Теперь, на тридцатые сутки плавания, Дугин отчетливо сознавал, во что вылилась межрейсовая спешка и чем обернулись пустячные, как казалось тогда, недоделки.
Когда «Лермонтов» после выматывающего душу похода по зимней штормящей Атлантике вернулся в родной порт, капитан получил три дня передышки.

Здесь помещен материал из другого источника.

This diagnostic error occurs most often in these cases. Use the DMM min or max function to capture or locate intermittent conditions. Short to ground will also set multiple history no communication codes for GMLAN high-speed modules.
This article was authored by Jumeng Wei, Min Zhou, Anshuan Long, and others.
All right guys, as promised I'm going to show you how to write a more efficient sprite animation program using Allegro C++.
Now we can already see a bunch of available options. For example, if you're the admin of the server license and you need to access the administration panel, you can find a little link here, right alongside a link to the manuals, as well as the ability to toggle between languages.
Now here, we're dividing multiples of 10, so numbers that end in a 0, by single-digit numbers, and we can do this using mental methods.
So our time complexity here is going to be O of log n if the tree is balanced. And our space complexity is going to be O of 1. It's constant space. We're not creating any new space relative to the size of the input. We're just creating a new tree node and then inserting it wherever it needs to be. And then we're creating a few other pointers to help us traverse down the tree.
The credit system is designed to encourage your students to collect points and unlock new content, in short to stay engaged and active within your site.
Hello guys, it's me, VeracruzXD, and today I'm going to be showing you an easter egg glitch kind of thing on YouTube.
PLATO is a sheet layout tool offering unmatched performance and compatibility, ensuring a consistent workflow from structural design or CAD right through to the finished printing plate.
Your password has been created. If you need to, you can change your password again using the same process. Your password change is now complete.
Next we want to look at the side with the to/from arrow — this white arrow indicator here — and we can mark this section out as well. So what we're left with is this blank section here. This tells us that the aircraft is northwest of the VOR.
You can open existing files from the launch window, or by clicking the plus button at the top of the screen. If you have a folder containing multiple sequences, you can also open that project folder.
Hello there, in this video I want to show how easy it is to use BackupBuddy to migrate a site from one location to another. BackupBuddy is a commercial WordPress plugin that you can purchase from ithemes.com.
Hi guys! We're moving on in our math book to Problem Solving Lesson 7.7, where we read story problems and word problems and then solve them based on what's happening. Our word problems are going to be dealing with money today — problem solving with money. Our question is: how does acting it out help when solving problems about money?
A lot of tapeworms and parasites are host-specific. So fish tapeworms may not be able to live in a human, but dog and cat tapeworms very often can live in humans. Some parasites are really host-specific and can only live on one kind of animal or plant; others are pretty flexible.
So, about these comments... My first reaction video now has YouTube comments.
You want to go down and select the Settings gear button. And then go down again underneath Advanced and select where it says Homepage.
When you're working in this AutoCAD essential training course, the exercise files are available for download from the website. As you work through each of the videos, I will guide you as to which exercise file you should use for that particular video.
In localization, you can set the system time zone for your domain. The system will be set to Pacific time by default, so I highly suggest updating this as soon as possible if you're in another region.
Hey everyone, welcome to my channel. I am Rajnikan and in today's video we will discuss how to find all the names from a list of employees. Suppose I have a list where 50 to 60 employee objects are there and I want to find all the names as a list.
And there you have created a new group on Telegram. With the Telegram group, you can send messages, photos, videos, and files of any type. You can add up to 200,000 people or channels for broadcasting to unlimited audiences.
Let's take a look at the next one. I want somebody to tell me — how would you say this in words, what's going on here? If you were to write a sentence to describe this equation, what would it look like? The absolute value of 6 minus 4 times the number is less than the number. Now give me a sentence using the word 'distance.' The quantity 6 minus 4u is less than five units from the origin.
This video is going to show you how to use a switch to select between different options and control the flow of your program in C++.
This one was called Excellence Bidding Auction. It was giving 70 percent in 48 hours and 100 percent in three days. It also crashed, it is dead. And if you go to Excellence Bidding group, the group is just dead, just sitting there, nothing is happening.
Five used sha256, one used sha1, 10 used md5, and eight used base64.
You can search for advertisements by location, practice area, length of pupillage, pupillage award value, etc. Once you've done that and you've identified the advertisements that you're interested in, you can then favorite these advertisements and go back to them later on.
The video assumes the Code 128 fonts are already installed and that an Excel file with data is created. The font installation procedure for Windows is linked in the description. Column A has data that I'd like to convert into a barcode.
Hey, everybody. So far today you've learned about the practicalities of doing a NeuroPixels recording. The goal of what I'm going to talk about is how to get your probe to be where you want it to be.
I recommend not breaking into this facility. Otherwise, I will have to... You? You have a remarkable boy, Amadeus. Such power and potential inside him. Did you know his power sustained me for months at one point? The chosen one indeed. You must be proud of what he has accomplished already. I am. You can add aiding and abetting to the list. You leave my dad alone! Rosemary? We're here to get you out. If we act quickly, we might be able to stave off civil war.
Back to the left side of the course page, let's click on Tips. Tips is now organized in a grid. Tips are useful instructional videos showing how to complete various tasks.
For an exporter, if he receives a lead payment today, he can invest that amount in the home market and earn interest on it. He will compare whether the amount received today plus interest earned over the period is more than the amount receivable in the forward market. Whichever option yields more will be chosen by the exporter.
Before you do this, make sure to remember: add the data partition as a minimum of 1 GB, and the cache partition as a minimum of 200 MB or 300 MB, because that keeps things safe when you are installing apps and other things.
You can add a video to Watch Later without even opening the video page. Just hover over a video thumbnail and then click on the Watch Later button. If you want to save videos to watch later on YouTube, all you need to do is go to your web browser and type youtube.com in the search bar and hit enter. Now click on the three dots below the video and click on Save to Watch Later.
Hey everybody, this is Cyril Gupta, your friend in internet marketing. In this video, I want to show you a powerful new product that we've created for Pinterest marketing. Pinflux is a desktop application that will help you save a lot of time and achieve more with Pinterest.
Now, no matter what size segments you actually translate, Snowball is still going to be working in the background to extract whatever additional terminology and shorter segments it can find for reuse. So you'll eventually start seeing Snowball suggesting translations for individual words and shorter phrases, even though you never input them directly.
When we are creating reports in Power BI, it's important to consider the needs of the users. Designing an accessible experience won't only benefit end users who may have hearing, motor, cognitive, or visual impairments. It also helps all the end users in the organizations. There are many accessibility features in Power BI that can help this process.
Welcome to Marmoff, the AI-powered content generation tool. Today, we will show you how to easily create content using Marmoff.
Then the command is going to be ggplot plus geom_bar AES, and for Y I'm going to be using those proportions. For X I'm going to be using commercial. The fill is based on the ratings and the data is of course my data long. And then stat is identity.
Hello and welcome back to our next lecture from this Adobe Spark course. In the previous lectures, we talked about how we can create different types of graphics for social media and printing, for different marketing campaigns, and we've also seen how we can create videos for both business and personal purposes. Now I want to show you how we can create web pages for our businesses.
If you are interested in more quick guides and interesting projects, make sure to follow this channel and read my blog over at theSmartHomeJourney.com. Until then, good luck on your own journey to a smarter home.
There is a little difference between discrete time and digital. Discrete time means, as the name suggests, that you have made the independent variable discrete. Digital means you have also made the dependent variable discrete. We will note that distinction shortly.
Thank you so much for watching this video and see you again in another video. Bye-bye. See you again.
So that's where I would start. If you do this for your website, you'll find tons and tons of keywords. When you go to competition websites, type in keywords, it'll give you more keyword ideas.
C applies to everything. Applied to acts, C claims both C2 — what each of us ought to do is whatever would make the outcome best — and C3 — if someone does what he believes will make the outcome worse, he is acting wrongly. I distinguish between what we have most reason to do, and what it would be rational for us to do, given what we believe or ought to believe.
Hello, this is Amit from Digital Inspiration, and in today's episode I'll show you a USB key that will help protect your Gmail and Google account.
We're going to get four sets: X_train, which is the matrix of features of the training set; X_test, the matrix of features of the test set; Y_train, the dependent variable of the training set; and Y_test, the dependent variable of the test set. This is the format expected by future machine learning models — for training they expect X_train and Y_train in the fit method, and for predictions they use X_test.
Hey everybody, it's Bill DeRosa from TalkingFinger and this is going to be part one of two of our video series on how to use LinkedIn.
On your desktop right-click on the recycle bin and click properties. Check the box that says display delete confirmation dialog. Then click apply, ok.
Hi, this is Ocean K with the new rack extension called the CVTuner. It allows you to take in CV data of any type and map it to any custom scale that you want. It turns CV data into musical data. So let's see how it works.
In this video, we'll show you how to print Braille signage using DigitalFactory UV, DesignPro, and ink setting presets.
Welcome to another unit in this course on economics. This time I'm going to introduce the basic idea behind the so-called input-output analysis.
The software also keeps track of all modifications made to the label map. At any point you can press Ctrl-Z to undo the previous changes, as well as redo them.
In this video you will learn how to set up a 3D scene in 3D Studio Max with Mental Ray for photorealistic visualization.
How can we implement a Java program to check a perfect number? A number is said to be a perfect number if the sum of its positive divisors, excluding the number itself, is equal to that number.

Если все идет как по маслу, этого достаточно, чтобы подготовить судно к новому рейсу. Тем более такое автоматизированное, созданное по последнему слову техники. Но обыденная реальность несколько расходится с идеалом. По крайней мере в двух средах: в воздухе и на воде. Судно лишь на конструкторском ватмане представляется безупречным. Со стапелей оно сходит, неся в себе явные и тайные пороки, которые дадут знать далеко не сразу. Ведь даже серийные автомобили, ежеминутно сходящие с конвейера, требуют, пусть незначительной, но отладки. Но теплоход — не автомашина, и в открытом море нет пунктов техобслуживания. Все, что потребуется, команда должна сделать своими силами. И как можно быстрее, ибо сутки простоя контейнерного лайнера обходятся во сколько-то там тысяч золотом, да каждый недоданный узел хода добавляет хорошую толику. И это без учета других, не поддающихся калькуляции затрат: нервных, физических и т. д. Ведь, в конечном итоге, все неожиданности оборачиваются избыточным напряжением для команды. Хочешь не хочешь, а приходится преодолевать не предусмотренные трудности.
Одним словом, после зимнего перехода трех дней Дугину никак не хватало. Судно возвратилось с разболтанными двигателями и на шрамах, полученных в обледенелых шлюзах Сивея, еще не успела высохнуть краска. Да и к причалу его поставили только вечером в четверг. Практически для решения наболевших вопросов оставался всего один день. Но, как показала мировая статистика, учреждения в канун уик-энда подвержены лихорадке.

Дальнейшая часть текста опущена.